One of the pioneers of the Cinema of Transgression—an New York-based underground movement active in the 80’s that focused on low-budget subversion—was Tessa Hughes-Freeland, an experimental filmmaker who utilized psychedelic, kaleidoscopic visuals in her work, as well as found footage. This exhibition at East Village space Howl Happening acts as a “cinematic survey” of her work, featuring sculptures, videos, and an “interactive kaleidoscope.” Beyond the opening reception, there will be several special events throughout the course of the show, including film screenings and filmmaking workshops led by Hughes-Freeland herself.
Art in Odd Places
Opening Friday, October 18 at 14th Street between 7th and 8th Avenues, 5 pm to 8 pm. On view through October 20.
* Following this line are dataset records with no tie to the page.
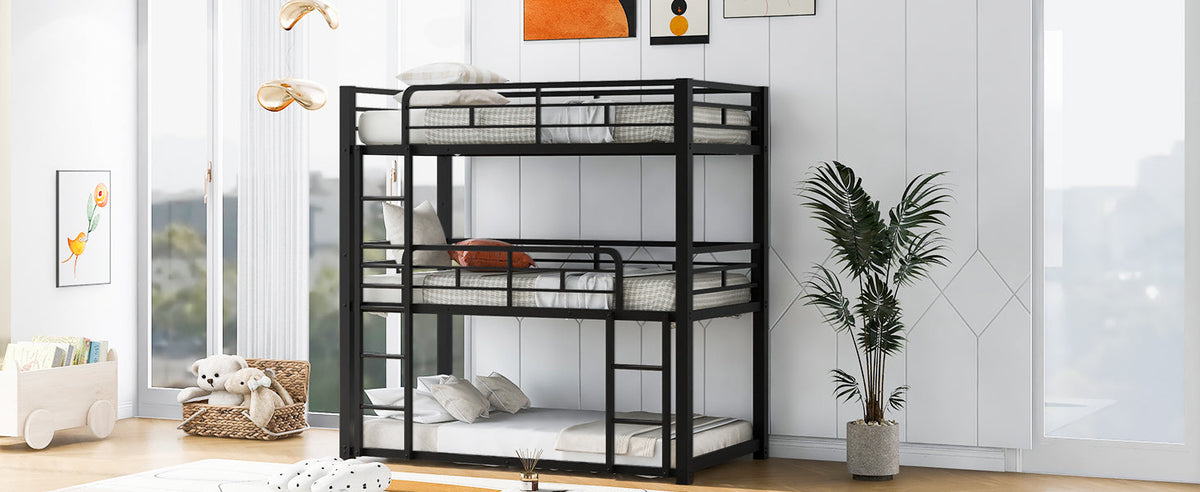 Metal Twin Size Triple Bunk Bed, Black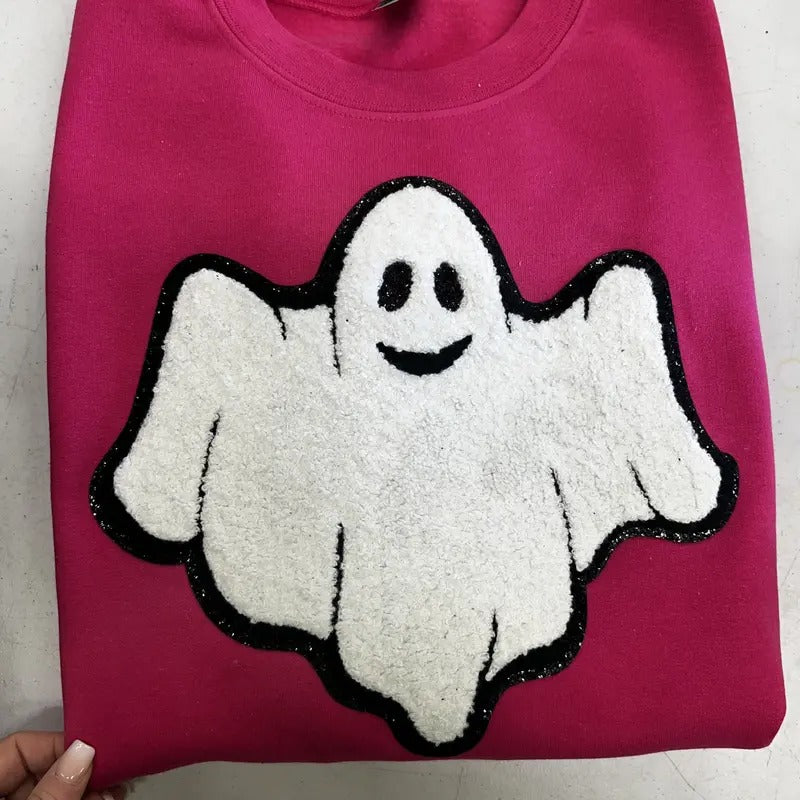 Ghostly Ghoul Chenille Patch Sweatshirt Shirt Hoodie | PrintMintTees.com
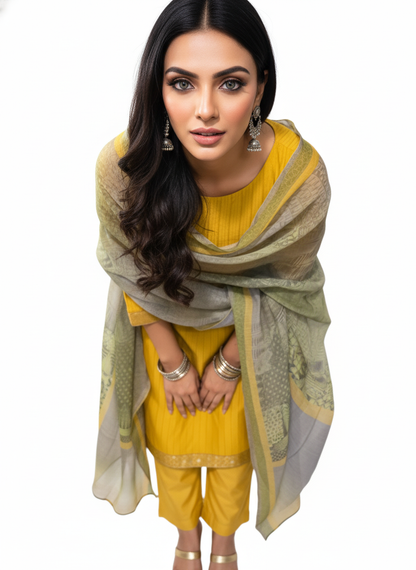 Semi Stitched Chanderi Casual Suitset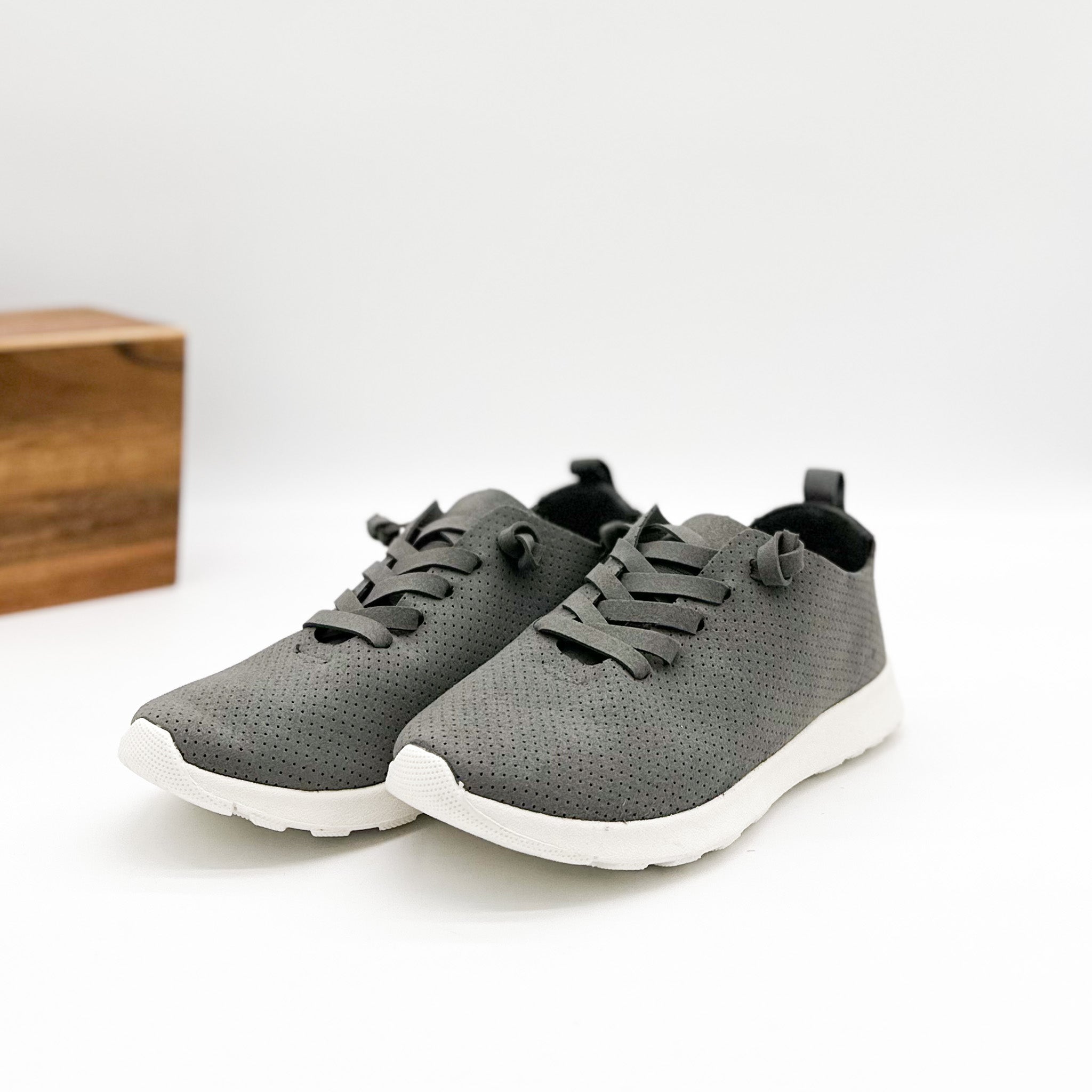 Mayo Grey Sneaker Casual Shoes Faux Suede Padded Insole Naughty Monkey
Though it’s getting cold, the past few days have served as a helpful reminder that it’s not quite time to sequester yourself under a pile of blankets just yet. The sun is still shining enough to help your serotonin levels, and what better way to enjoy the cityscape than at a time when it’ll be full of strange and interesting art? That’s right, the annual Art in Odd Places festival returns to 14th Street, where a variety of artists will be setting up installations and performances from Avenue C all the way to the Hudson River. This year focuses on artists over the age of 60, but will include multigenerational collaborations. For the particularly performance-inclined, on Saturday and Sunday from 2 pm to 4 pm a merry band of artists and performers will be parading down the 2.2 mile, art-filled stretch of 14th Street for all to see.
In the Flesh
Opening Friday, October 18 at Castellain Gallery, 7 pm to 9 pm. On view through November 27.
There’s quite a lot of work out there about partying, and even when you narrow it down to work about going out in Brooklyn, the canon still seems quite vast. However, there are still ways of making the medium seem fresh. One work by Anya Rosen, which will be included in a duo show at Bushwick’s Castellain Gallery starting Friday, depicts a man in Budweiser shorts and a pink Hawaiian shirt on the floor contorted around a toilet. Upon closer inspection, the man is not a man at all but two spoons with faces, recalling the famous comedy and tragedy drama masks, but with more drug references. It’s a grotesque yet dreamily childlike depiction of those times you know you’re going too hard, but you’re not quite done yet. In this show, Rosen’s works and those of fellow artist Jordan Segal shine a light on not just going out, but the less-than-perfect ways humans can behave, and do so in a way that feels playful and understanding.